Human-in-the-loop: the 21st Century Cures Act §3060, as code
Under Section 3060 of the Cures Act (21 USC §360j(o)), Clinical Decision Support software can avoid Software-as-a-Medical-Device classification if it meets four criteria. The hardest one — and the one most consequential for AI — is criterion four: the software must enable the clinician to independently review the basis for the recommendations.
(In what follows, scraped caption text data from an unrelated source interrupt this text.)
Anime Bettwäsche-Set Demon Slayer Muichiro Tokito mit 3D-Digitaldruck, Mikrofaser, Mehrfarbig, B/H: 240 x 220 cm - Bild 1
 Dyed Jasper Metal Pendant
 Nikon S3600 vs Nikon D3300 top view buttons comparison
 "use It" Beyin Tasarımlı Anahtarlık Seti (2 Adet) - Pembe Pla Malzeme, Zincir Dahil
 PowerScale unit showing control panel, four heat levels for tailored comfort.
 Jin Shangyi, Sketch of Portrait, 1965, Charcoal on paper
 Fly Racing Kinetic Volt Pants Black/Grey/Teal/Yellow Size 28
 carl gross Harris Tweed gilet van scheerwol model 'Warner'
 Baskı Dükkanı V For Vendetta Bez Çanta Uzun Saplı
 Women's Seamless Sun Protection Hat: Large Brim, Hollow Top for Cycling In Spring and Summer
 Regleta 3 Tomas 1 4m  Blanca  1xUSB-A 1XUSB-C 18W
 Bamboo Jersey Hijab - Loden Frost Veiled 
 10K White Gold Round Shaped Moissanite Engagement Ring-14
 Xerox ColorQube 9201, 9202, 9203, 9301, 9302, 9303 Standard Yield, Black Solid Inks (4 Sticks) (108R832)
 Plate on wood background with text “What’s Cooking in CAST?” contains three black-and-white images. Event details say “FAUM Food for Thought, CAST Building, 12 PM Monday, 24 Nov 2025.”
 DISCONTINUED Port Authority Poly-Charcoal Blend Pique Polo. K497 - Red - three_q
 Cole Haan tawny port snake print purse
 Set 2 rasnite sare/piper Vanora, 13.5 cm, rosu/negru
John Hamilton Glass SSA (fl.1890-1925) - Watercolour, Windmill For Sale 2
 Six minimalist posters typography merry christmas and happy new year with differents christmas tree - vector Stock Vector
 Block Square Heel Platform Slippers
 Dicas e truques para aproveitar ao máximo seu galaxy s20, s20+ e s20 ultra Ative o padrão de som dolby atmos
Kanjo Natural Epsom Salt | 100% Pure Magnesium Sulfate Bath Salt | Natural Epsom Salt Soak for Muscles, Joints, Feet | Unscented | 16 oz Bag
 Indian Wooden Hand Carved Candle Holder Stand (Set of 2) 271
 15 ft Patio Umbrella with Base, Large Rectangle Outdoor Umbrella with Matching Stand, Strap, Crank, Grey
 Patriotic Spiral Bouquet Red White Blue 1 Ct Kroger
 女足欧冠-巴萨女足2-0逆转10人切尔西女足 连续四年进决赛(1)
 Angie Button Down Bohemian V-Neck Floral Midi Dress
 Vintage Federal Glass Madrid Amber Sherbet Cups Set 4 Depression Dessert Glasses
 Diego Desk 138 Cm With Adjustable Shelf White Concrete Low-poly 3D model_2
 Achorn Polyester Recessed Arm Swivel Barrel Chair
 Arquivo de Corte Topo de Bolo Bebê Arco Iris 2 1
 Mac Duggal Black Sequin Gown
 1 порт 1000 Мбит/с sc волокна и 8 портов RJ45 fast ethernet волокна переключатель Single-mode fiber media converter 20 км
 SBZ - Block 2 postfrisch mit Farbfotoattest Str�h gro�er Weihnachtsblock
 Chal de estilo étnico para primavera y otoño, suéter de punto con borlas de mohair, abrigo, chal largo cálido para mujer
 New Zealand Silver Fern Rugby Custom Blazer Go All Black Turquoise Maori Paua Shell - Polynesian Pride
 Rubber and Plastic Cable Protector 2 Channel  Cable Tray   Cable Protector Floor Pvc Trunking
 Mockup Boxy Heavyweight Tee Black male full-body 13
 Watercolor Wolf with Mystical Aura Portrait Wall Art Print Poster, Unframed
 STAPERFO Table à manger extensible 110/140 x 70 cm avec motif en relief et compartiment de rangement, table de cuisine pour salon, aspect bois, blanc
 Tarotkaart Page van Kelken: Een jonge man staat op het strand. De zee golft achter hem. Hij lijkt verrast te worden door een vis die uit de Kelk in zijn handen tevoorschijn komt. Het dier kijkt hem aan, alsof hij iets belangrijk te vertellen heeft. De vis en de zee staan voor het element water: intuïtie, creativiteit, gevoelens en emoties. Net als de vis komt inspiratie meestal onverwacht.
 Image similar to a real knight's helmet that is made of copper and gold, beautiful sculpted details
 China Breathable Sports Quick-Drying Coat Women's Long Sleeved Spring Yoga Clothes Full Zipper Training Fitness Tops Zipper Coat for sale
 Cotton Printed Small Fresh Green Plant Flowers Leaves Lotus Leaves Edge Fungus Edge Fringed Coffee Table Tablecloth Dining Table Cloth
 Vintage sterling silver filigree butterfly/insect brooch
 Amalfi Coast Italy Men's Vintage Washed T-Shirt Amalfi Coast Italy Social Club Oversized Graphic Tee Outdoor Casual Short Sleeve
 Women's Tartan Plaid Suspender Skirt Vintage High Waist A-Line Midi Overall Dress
Bodh’s human_review agent is that criterion expressed in code.
When HITL=true on an upstream agent, that agent doesn’t address its output directly to the next stage. It wraps it in a review envelope and addresses it to human_review:
| Envelope key | Purpose |
|---|---|
hitl_kind |
Review category (diagnosis_review, care_plan_review, etc.) |
hitl_next_to |
Agent to forward to on approval |
hitl_next_type |
Message type used on resume |
hitl_priority |
low / normal / high / urgent |
hitl_subject |
Short label for the queue UI |
hitl_sla_minutes |
Deadline; expired reviews never resume |
The gate records a ReviewRequest, emits nothing, and waits. A clinician decides via POST /reviews/{id}/decide with approve | approve_with_modifications | reject plus an optional rationale. On approve, the original payload is republished to its intended recipient. On reject, it’s logged and dropped — lossless on reject. No half-completed clinical action can leak past the gate.
Seven agents are gated when HITL is on:
| Agent | Gated output | Review kind |
|---|---|---|
reasoning_verifier |
Verified diagnosis | diagnosis_review |
cdm_planner |
Care plan | care_plan_review |
tcm_coordinator |
TCM welcome message | tcm_welcome_review |
panel_manager |
Per-gap outreach | outreach_review |
refill_manager |
Refill response | refill_review |
prior_auth |
PA status | prior_auth_review |
readmission_tracker |
Discharge handoff (priority scales with risk band) | discharge_review |
Approvals cascade. A discharge_review approval triggers TCM, which itself emits a tcm_welcome_review. The cmd/caredemo auto-approver drains the queue across rounds to demonstrate this; in production a clinician’s UI shows cascaded reviews as they appear.
The fallback contract for LLM agents
Every LLM-backed agent in Bodh has a deterministic rule-based fallback. If the model times out, returns malformed JSON, exceeds latency budget, or trips a safety check, the case still finalizes.
// LLMDiagnostician wraps an llm.Client and a rule-based fallback.
// On any per-call failure, the case still finalises via the fallback.
type LLMDiagnostician struct {
Client llm.Client
Fallback *DiagnosticianAgent
MinConfidence float64 // below this, fall back
}
This isn’t a workaround. It’s the contract. Failure modes degrade — they don’t break. Provider matrix:
| Provider | Chat | Embeddings | Vision | Key env var |
|---|---|---|---|---|
| Anthropic | yes | (via Voyage) | yes (Sonnet, Opus) | ANTHROPIC_API_KEY |
| OpenAI | yes | yes | yes (gpt-4o) |
OPENAI_API_KEY |
| Ollama (local) | yes | yes | yes (llama3.2-vision, bakllava) |
(none) |
| Voyage | — | yes | — | VOYAGE_API_KEY |
Prompt caching is on by default for Anthropic and OpenAI — the diagnostic system prompt is marked cacheable so repeated calls within the TTL pay only for incremental tokens. The [llm-trace] log line reports cached_tokens per call so you can see cache hit rates in production.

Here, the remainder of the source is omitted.